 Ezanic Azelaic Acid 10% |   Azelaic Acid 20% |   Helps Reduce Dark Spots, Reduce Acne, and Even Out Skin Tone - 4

........

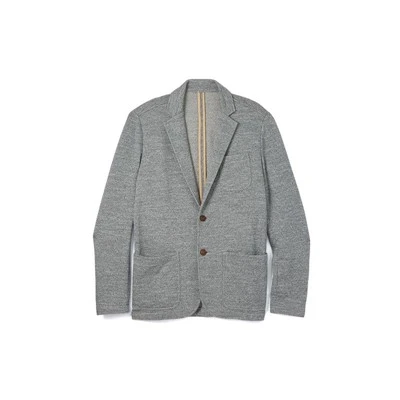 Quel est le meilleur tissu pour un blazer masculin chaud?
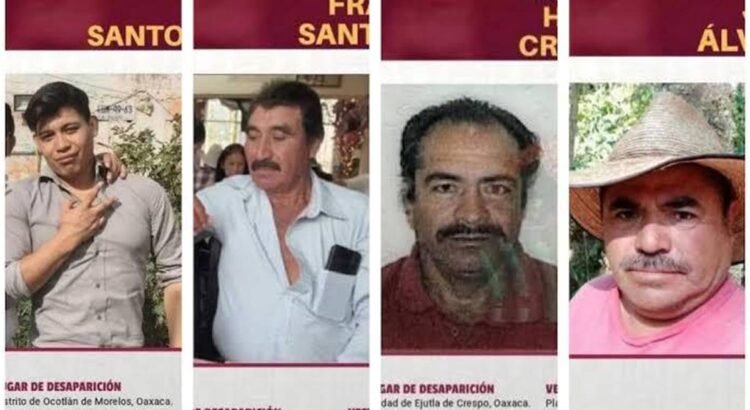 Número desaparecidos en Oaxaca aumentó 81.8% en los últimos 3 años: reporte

........

■ YOUR OBJECTIVE ■
Look back over the records above. Reproduce exactly everything from the line with "Quel est le" down to the line with "Número desaparecidos en", inclusive, and leave the pictures out.

■ RESULT OF THE TASK ■
 Quel est le meilleur tissu pour un blazer masculin chaud?
 Número desaparecidos en Oaxaca aumentó 81.8% en los últimos 3 años: reporte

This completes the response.